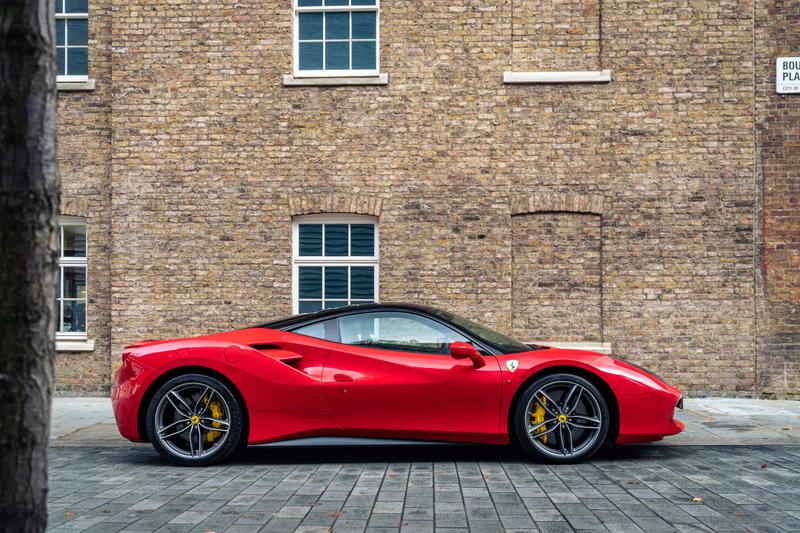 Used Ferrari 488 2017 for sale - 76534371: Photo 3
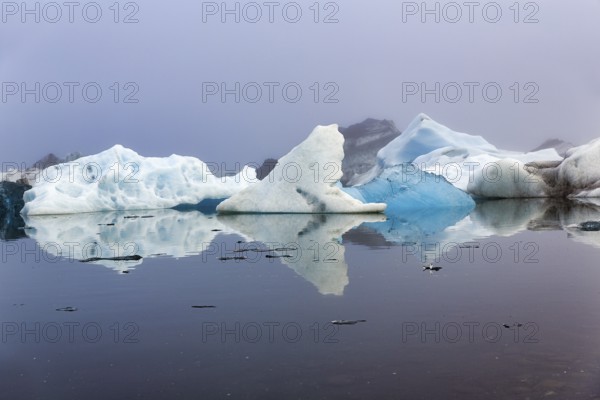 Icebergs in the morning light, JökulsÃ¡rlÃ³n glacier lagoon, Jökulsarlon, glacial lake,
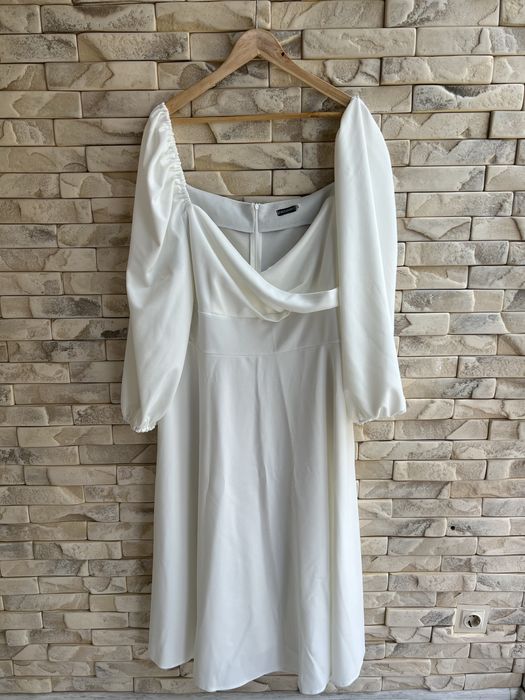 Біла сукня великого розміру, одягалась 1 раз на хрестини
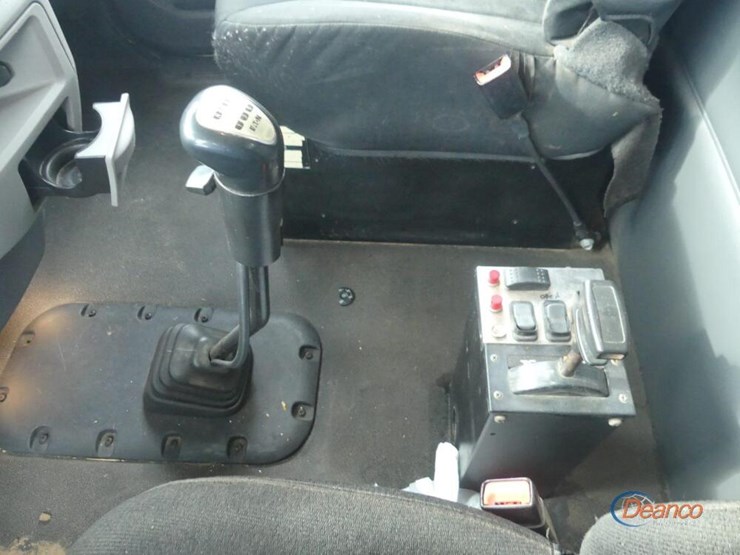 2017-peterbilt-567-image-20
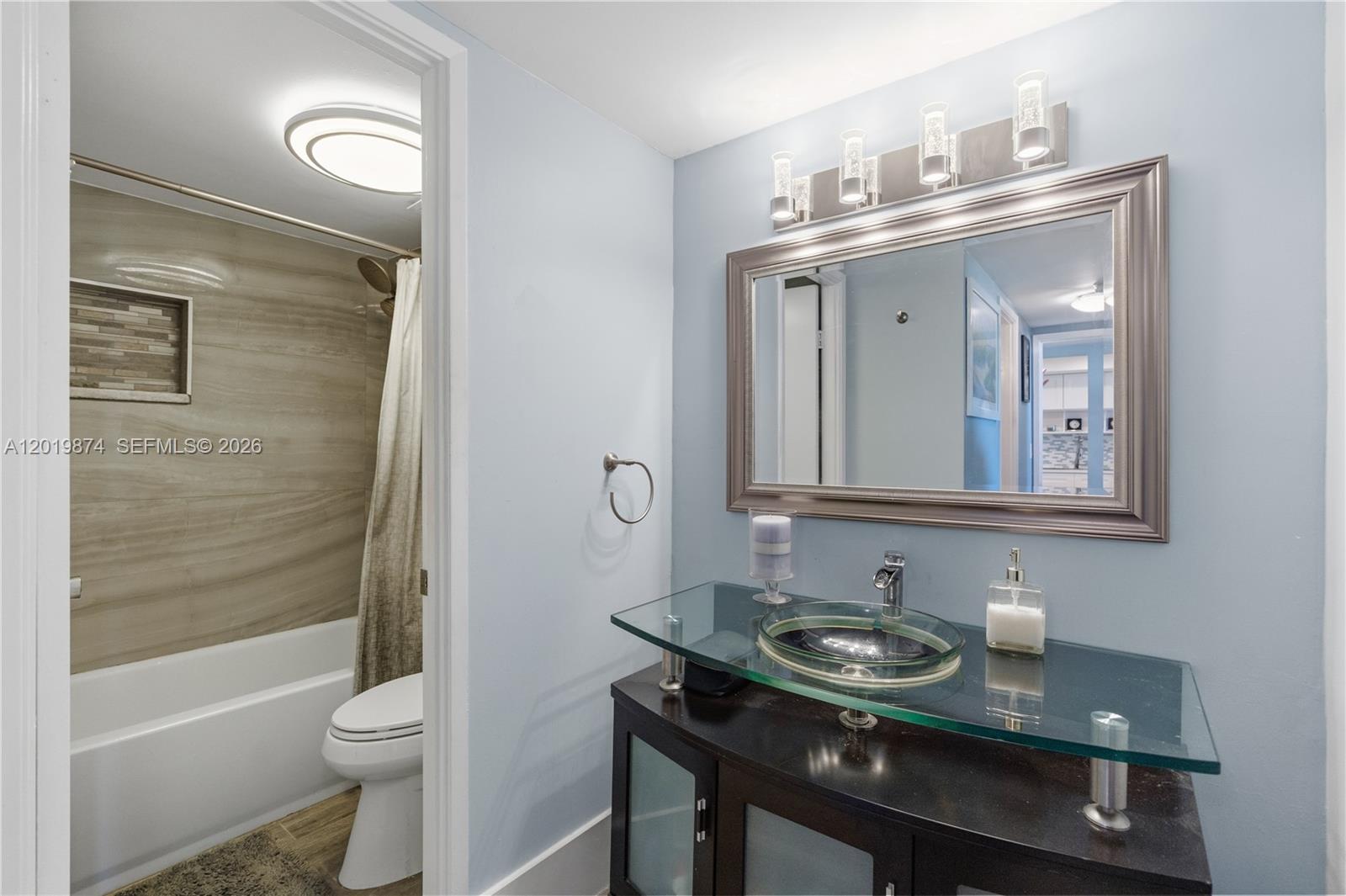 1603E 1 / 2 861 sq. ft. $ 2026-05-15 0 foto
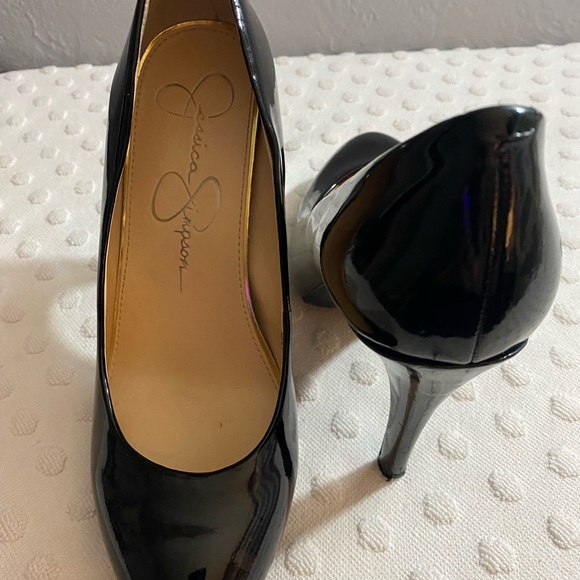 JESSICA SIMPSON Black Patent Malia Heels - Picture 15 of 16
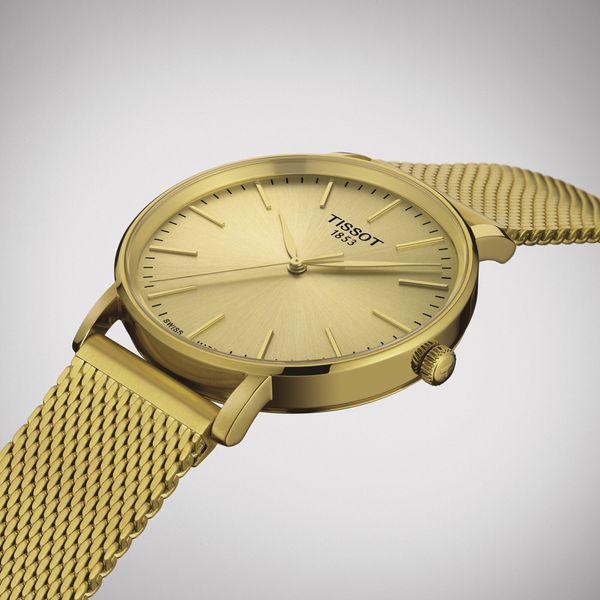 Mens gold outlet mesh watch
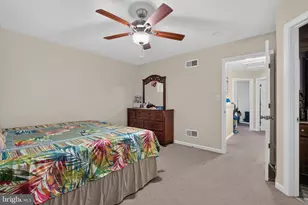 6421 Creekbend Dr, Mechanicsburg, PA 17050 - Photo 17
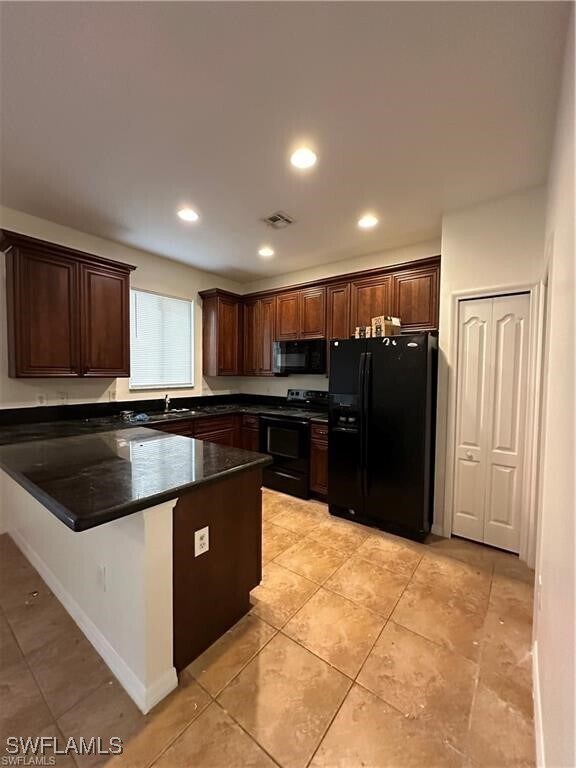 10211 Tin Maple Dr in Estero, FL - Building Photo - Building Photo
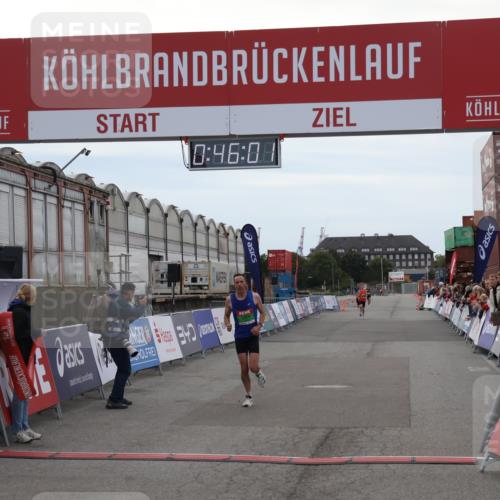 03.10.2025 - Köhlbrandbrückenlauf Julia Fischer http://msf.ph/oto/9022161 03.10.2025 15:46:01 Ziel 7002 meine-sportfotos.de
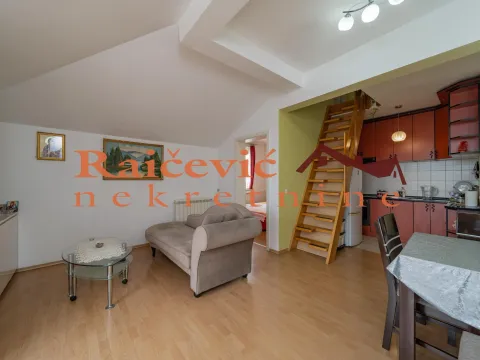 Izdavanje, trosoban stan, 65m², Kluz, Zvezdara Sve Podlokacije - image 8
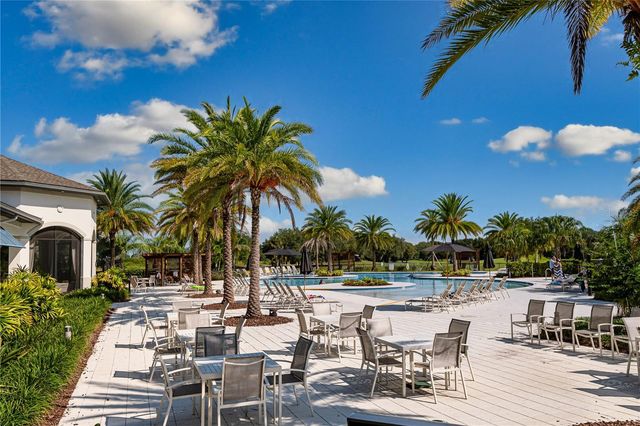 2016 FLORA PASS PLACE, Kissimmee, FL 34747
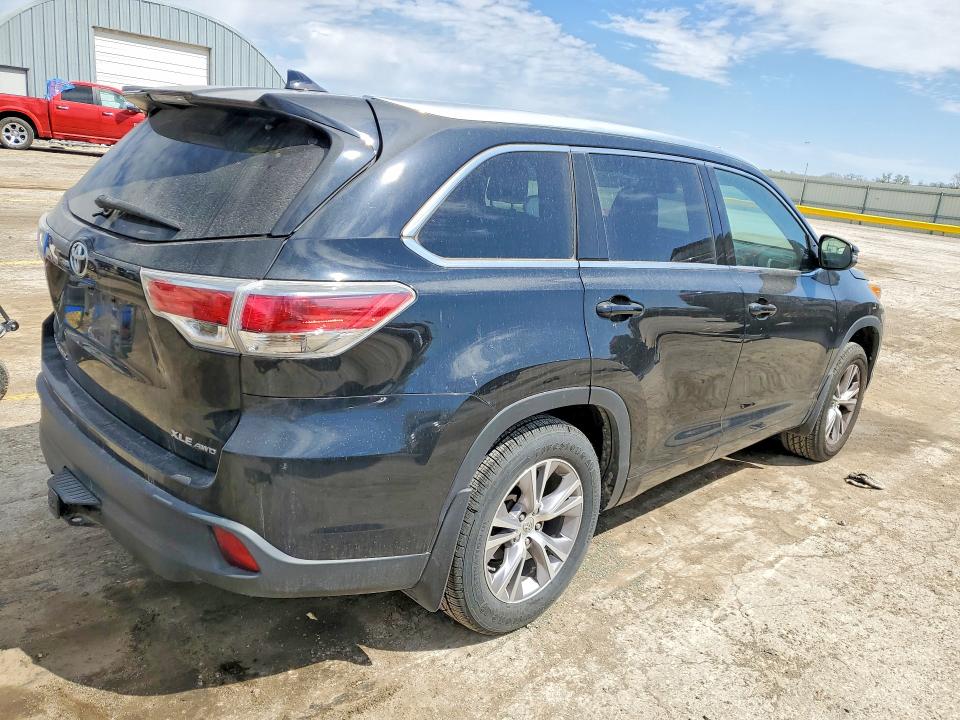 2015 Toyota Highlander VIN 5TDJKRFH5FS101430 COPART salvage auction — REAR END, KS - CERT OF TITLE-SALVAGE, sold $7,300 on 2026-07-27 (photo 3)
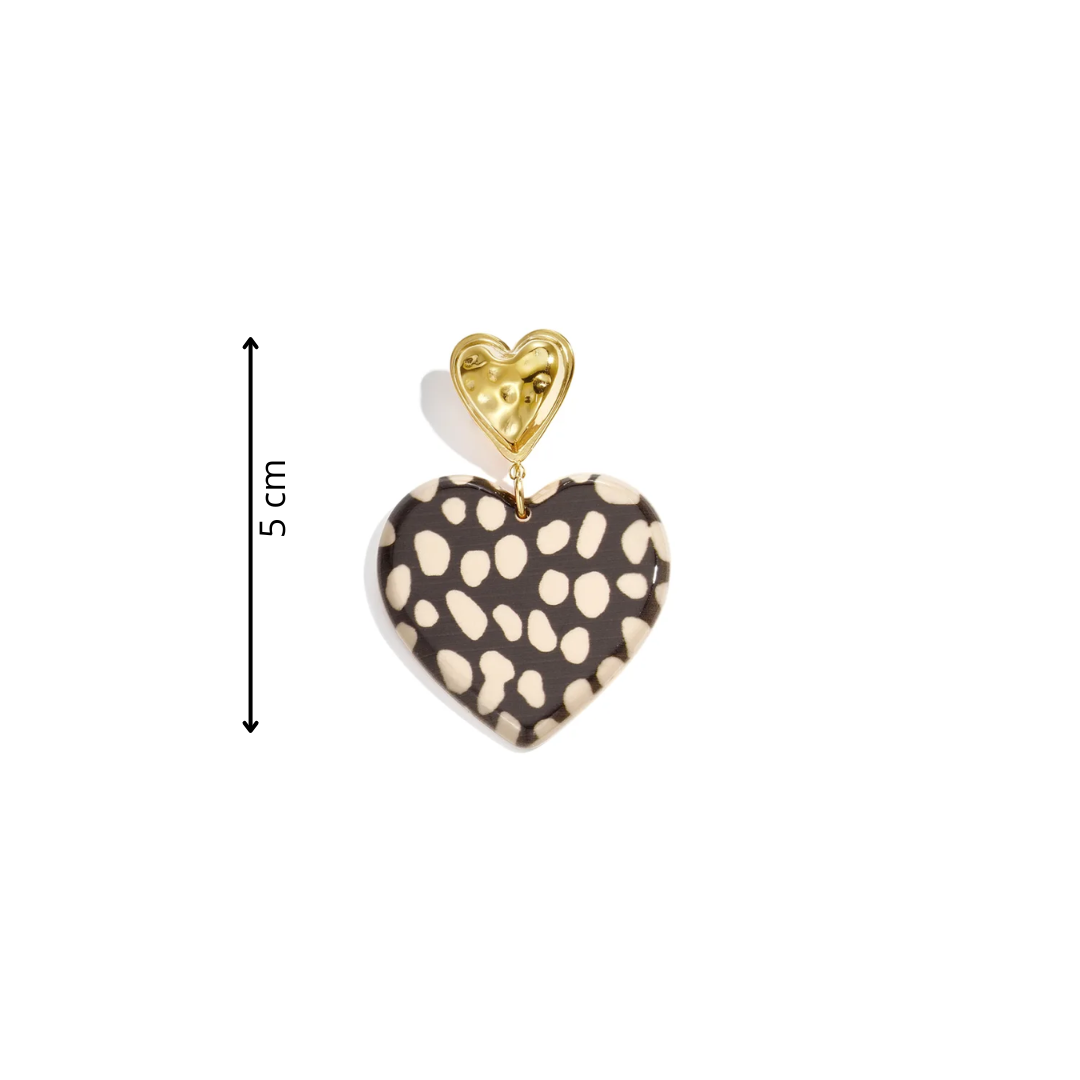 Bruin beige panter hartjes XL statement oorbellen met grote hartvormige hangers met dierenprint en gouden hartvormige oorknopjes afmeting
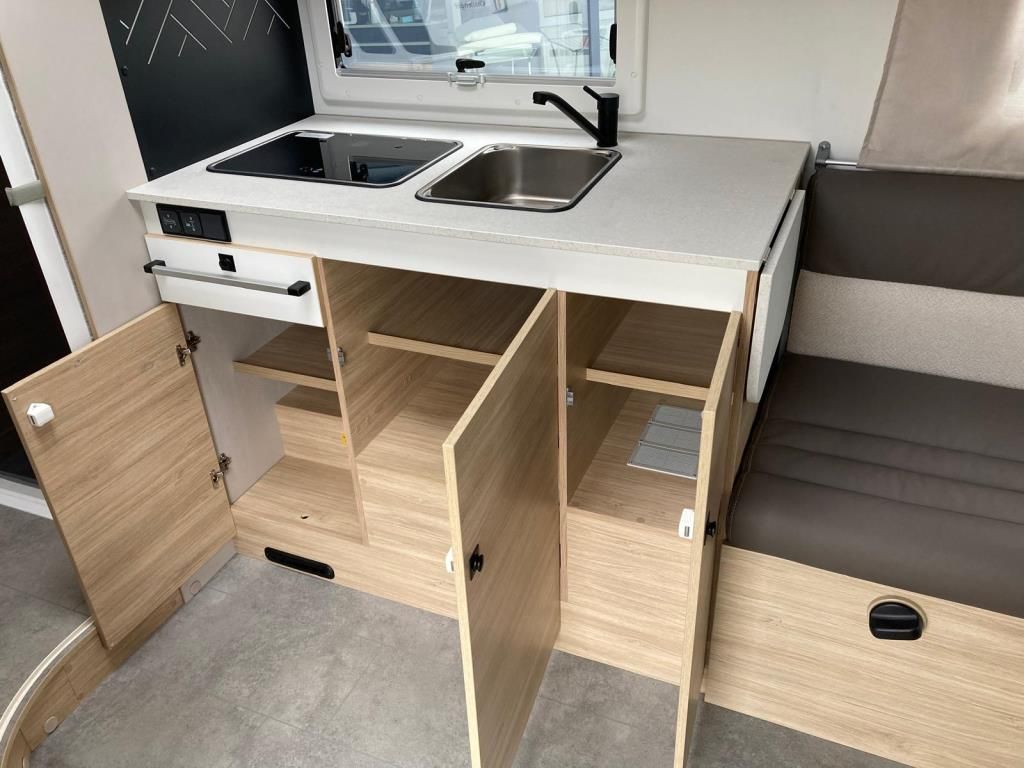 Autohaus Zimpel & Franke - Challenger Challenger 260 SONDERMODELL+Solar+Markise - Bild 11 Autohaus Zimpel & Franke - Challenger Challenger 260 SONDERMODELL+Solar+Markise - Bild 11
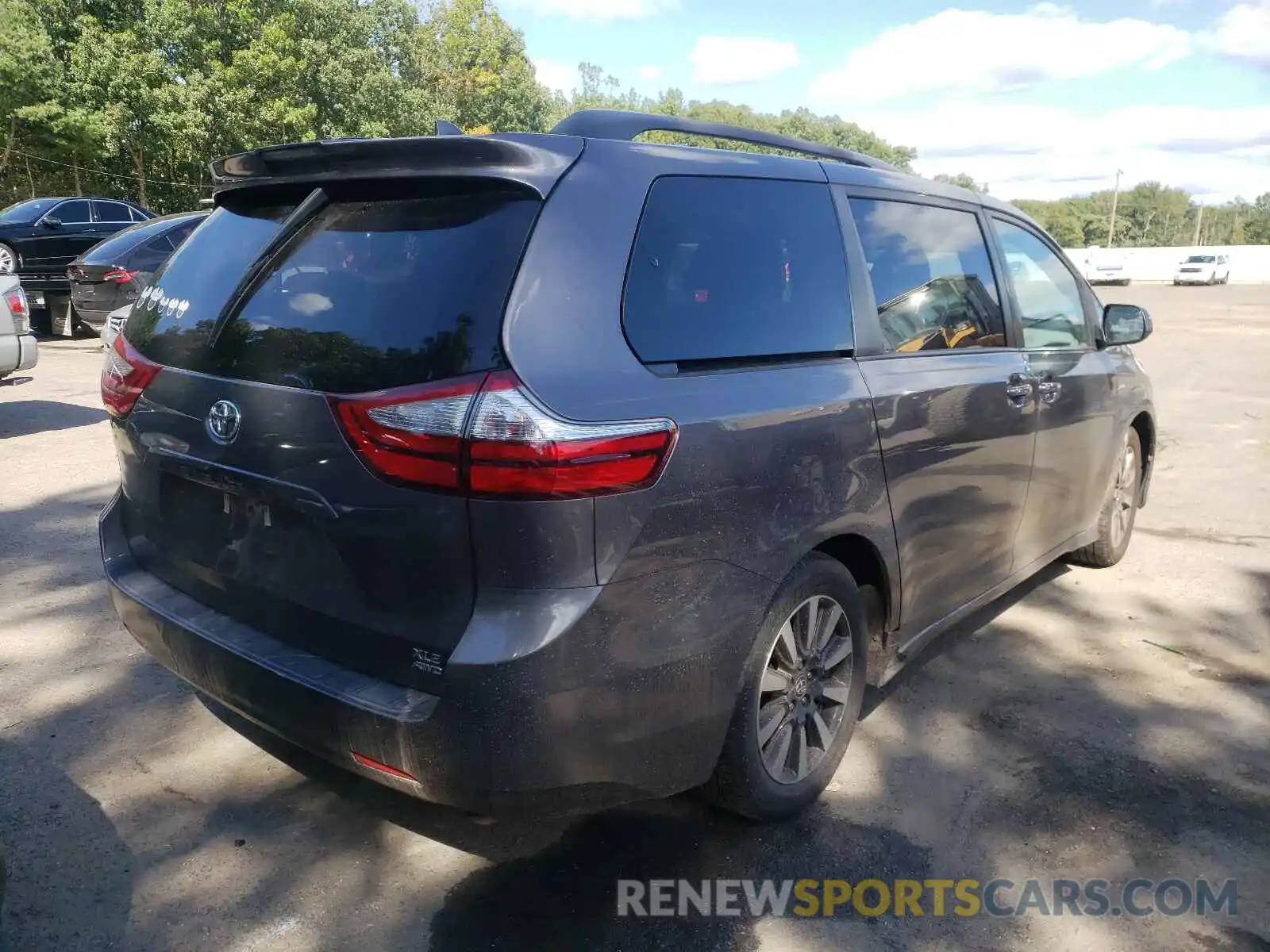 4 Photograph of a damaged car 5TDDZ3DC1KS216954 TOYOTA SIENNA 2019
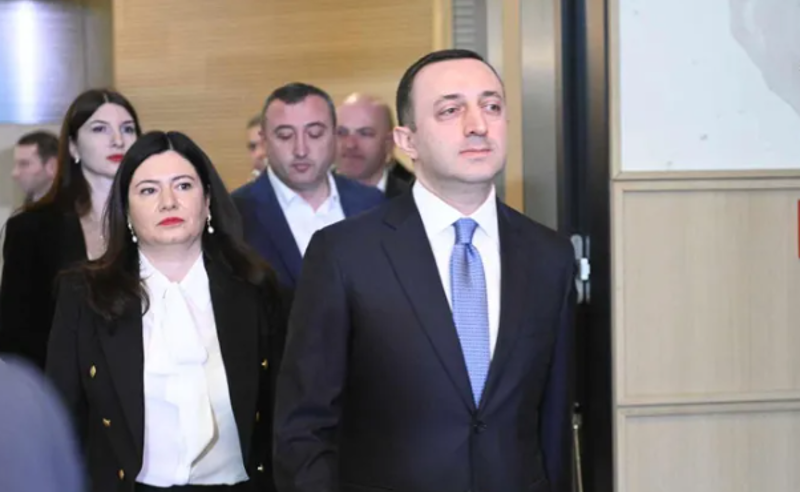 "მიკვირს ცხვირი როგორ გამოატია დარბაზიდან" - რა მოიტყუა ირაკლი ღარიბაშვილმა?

Requirement: Taking the material above, give again exactly the lines from the one holding "2017-peterbilt-567-image-20" through the one holding "10211 Tin Maple", with both ends and without pictures.

Reply:
 2017-peterbilt-567-image-20
 1603E 1 / 2 861 sq. ft. $ 2026-05-15 0 foto
 JESSICA SIMPSON Black Patent Malia Heels - Picture 15 of 16
 Mens gold outlet mesh watch
 6421 Creekbend Dr, Mechanicsburg, PA 17050 - Photo 17
 10211 Tin Maple Dr in Estero, FL - Building Photo - Building Photo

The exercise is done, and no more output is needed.